Wednesday, October 06, 2004



Like many Americans, I watched the Vice Presidential Debate last night. I'm not so much a Democrat as a spirited anti-Bushite, so I was solidly behind John Edwards, and, since he's a hotshot trial lawyer, I expected him to win.

I think he did, primarily because Vice President Cheney played faster and looser with the facts. But Cheney immediately proved himself a formidable opponent, staying on message, not losing his temper despite being obviously peeved, and countering Edwards' hardest body blows with solid counterpunches.

In the end I was left feeling exhausted and rather sick, as if I had just witnessed a dogfight.

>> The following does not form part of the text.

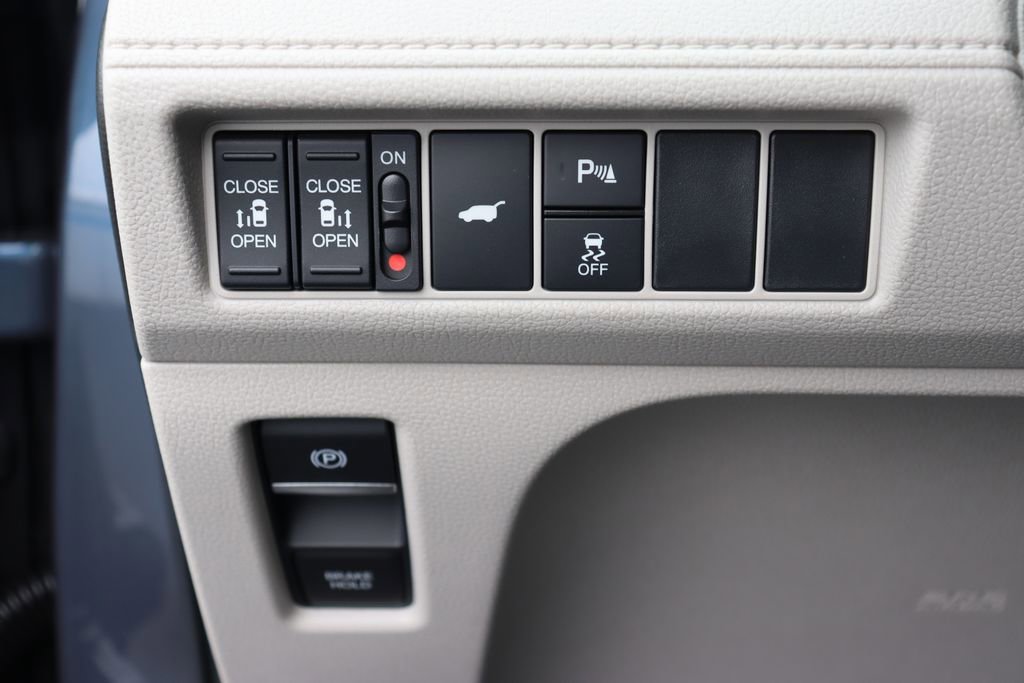 Certified 2026 Honda Odyssey Elite image 32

I have never witnessed an actual dogfight, in which trained dogs bred to be ferocious go at each other in an enclosed pit surrounded by wagering fans. But when I imagine it like a novelist imagines a fictional scene, I fancy it would begin with high levels of anticipation and that the intense excitement caused by the frenzy of the dogs would be a rush; but then, as it winds down towards its gruesome end, that a feeling of digust at the savagery, the blood, and the gore, combined with the emotional letdown, would cause nausea.

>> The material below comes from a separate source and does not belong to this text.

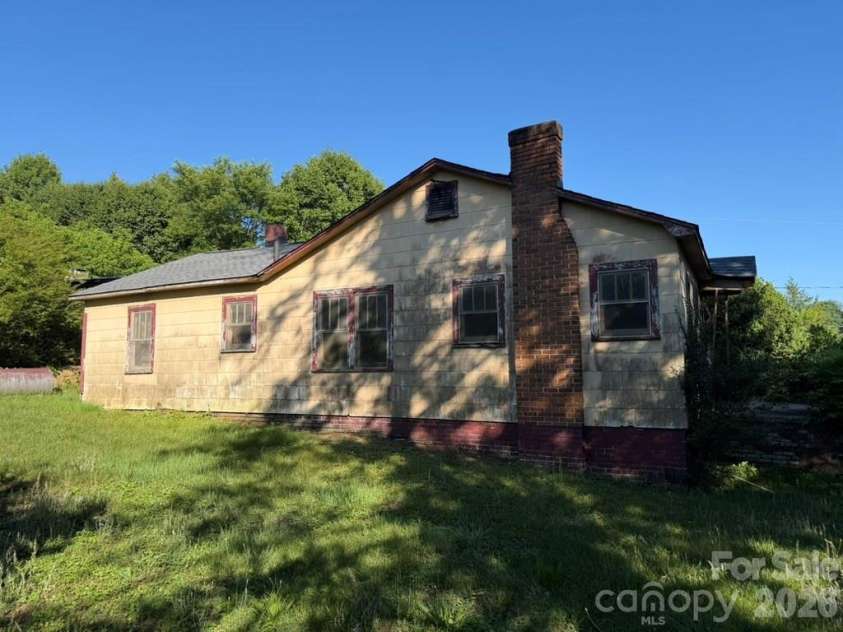 3370 Rocky Road, Lenoir, NC 28645.  MLS# CAR4392875, YatesRealty ID 29780.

Both men got throat-grips when the other had essentially no defense, as when Cheney tried to defend the progress of the war (a tough task under any circumstances, but especially in the immediate wake of Paul Bremer's criticisms), or Edwards tried to defend his record and his credentials to be President. Both men mauled the other repeatedly, directly impugning the other's veracity or intentions. I'm guessing that by a rigorous point score, the Vice President would outstrip the nominee on negativity, but viscerally that too seemed a tie.

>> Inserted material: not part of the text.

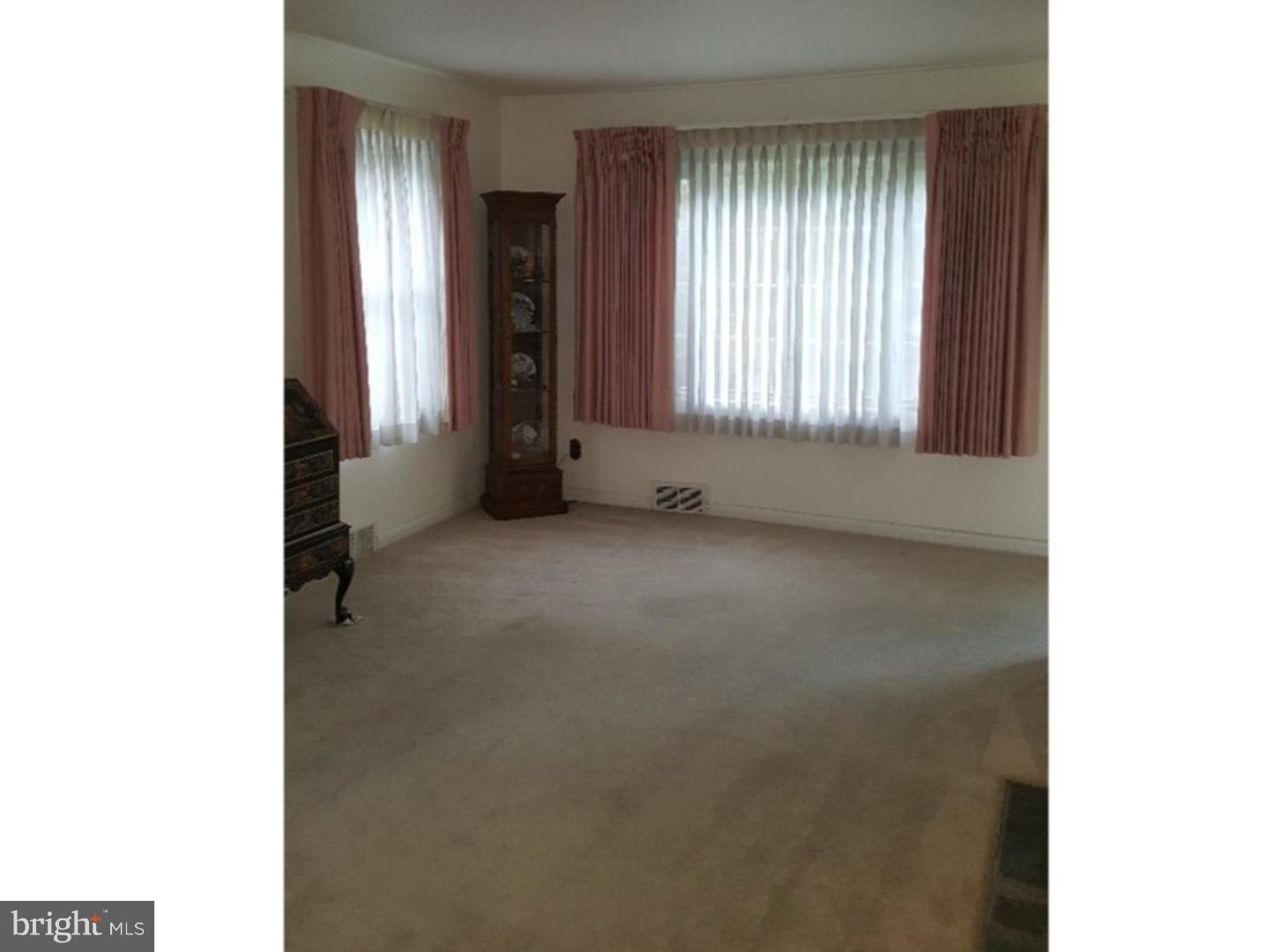 20 Lenape Road Cherry Hill, NJ 08002 - Photo 4 of 23 Living Room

Perhaps the clearest thing brought out by the Vice Presidential debate is how much smarter Cheney is than Bush. I kept thinking that it was a good thing for our side that Kerry didn't have to debate Cheney. Kerry might be a statesman compared to Bush, but Cheney is probably a cannier and more skillful politician than either of them. We got a good match in that sense, matching our young, strong, but inexperienced pit bull against their old, grizzled, but battle-toughened pit bull.

Still, the whole thing was a bit much. Too much snarling and bared fangs on both sides. To me, it's not a mitigating circumstance that Edwards has roughly the same amount of experience as George W. Bush did in 2000. Not only did Bush have no foriegn policy expertise in 2000, he had very little foreign policy knowledge; and not only did he have no foreign policy experience, he seemed not even to have much interest in it. However much anybody might have detested either Bill Clinton or Richard Nixon, it would have been difficult to fault the level of interest of either of those men in foreign affairs—both were passionate about the subject and, in their own ways, deeply knowledgable. Now there are aching holes in a thousand American families thanks to Bush's crude understanding of the dynamics of diplomacy. But that fact doesn't make Edwards' lack of experience any easier to excuse—more like the opposite.

But Edwards isn't running for President, he's running for Vice-President. A crucial—and needed—distinction. I voted for Edwards in the Wisconsin Democratic primary, specifically hoping to help him gain the no. 2 spot on the ticket. But I do think it's a good thing he's running for Vice President and not for President. He'll need a lot of street schooling—say, a good eight years as Kerry's VP—before he'll be ready for that.